The Prevalence of Incarcerated Individuals who Suffer from Mental Illness Introduction. Oppression has been inflicted upon the mentally ill in the United States. A lack of federal funding for various mental health facilities accounts for fewer treatment opportunities for affected individuals. Legislation has made it difficult to equip facilities to treat violently ill patients, thus resulting in incarceration in state prisons. 1 in 3 inmates in the US are diagnosed with mental illness. After being released many offenders will not pursue treatment and will return to prison.

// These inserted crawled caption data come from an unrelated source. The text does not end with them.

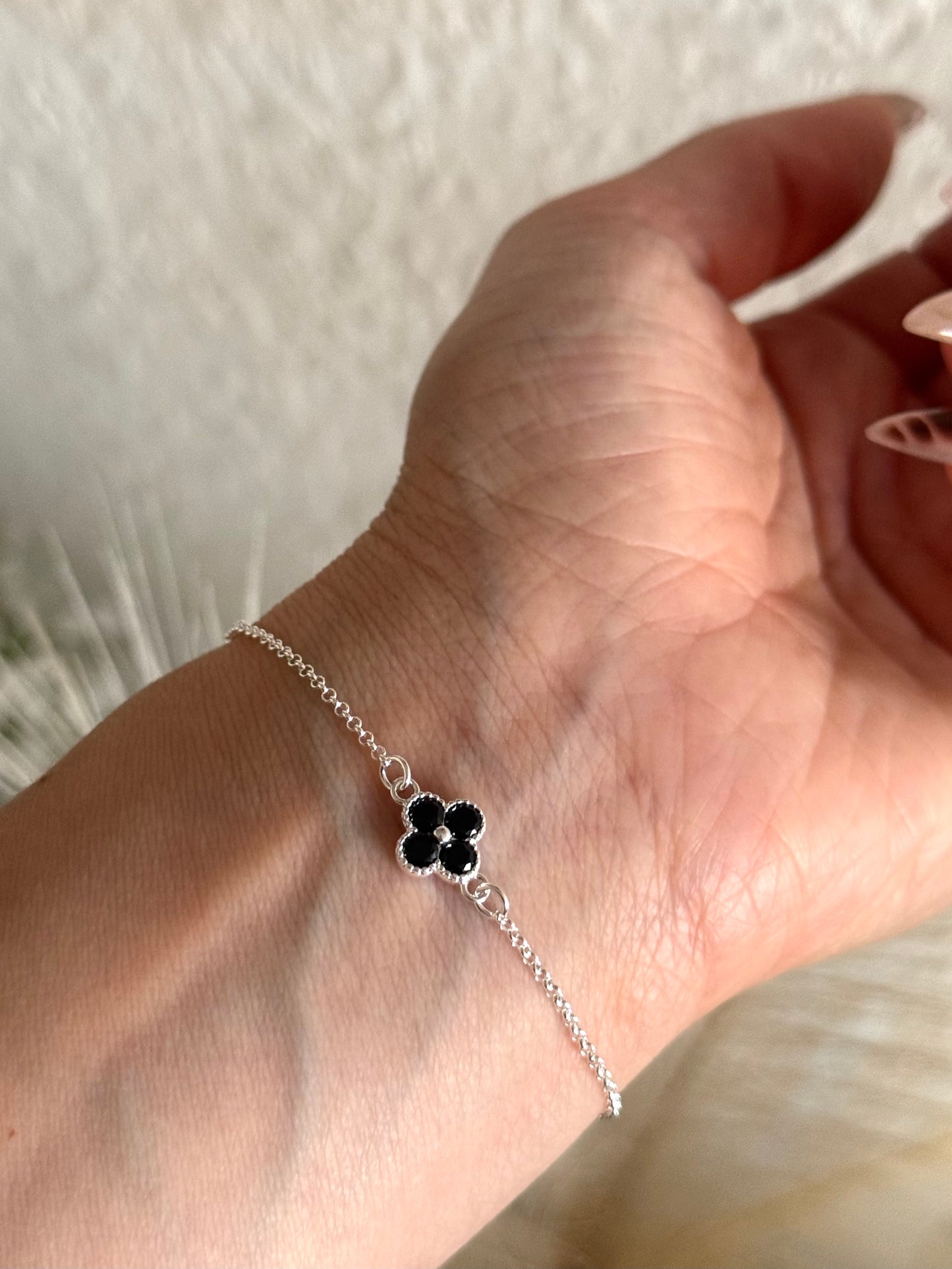 Pulsera trébol negro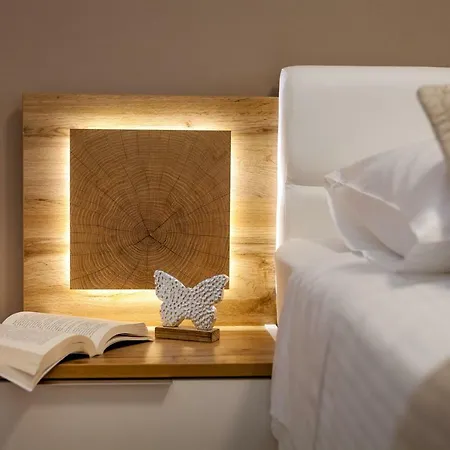 Apartamento Sunny Garden Lux Split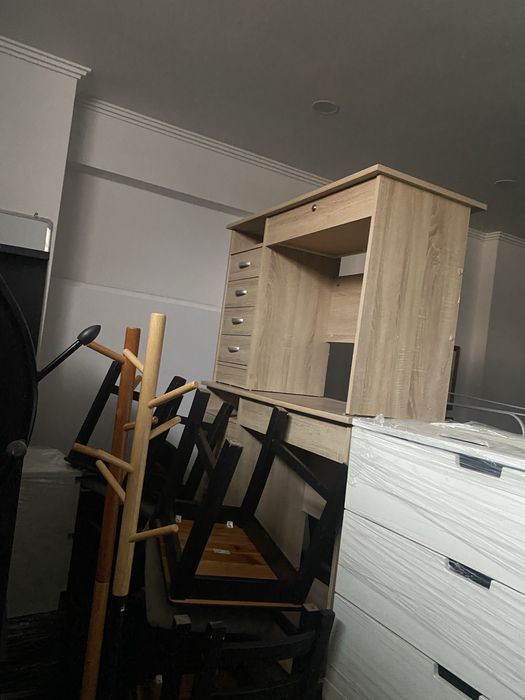 Mesa de jantar  com 6 cadeiras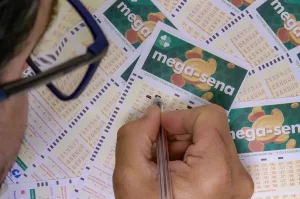 Mega-Sena acumula e sorteia R$ 120 milhões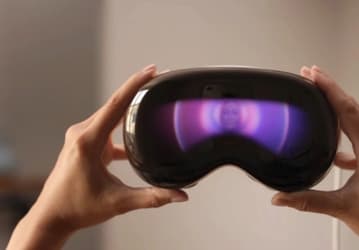 Российские торговые сети собирают предзаказы на Apple Vision Pro. Доставку обещают в марте [Обновлено]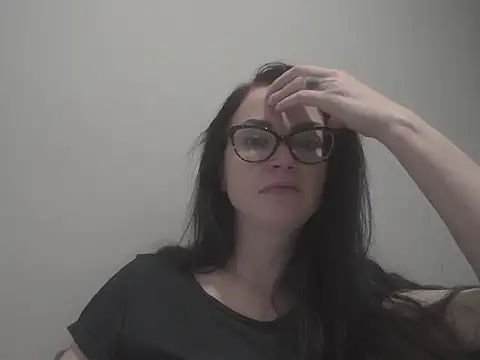 CallMeSugar online show from April 23, 7:15 pm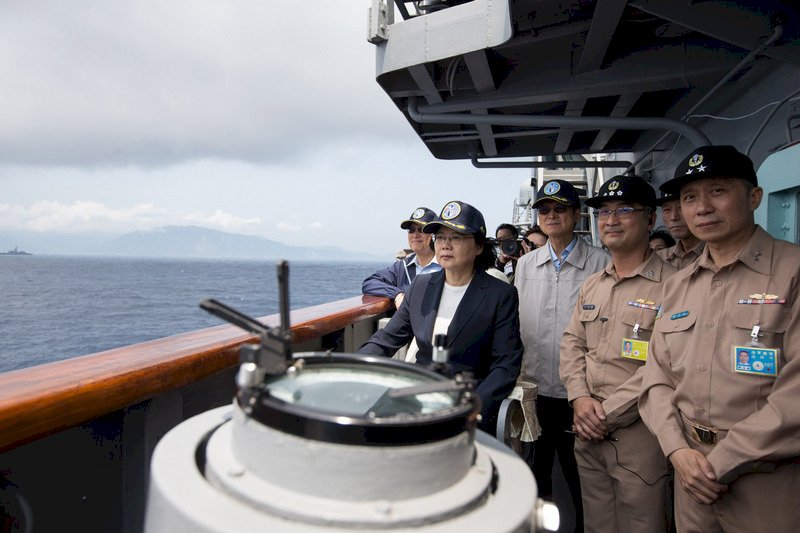 La presidenta Tsai Ing-wen pasa revista a la Armada en la base de Su’ao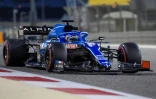 Le revenant Fernando Alonso au volant de son Alpine (ex-Renault) participe aux essais de pré-saison sr le circuit de Sakhir, le 14 mars 2021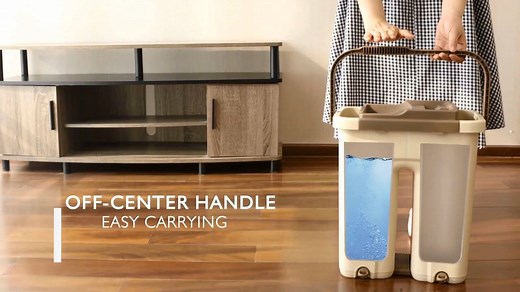 We all know that home cleaning can be a tedious and time-consuming task. So here you go, an easy way to finish your cleaning task: Magic Flat Mop for your every indoor floor cleaning job! 🏡 Check out below video for the instructions to get you started. #mrdiy #alwayslowprices #cleaningtool #househould 8970358 - RM99.00 | MR DIY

Often resorting to substance abuse to lessen the symptoms of their illness. However, resolution to this issue is in progress, due to advocacy throughout the country. There has been a steady increase in the number of persons with mental illnesses incarcerated in the United States due to the lack of resources for these individuals in prison, as well as, after being released. Background Information. During the 1950s the United States moved away from the use of psychiatric hospitals to treat the mentally ill. The use of Thorazine was introduced.
Thorazine is an antipsychotic drug that prevents the overactivity of dopamine in the brain, suppressing tendencies for an assortment of mental illnesses such as schizophrenia. During this time, there was approximately one psychiatric hospital bed per every 300 Americans. Towards the end of this decade, nearly 559,000 mentally ill patients were committed to state non psychiatric hospitals. Psychiatric hospitals during this time were likely to experience maltreatment, commonly coinciding with inexperience and underfunding. Some of these patterns occur in state sanctioned mental health facilities today.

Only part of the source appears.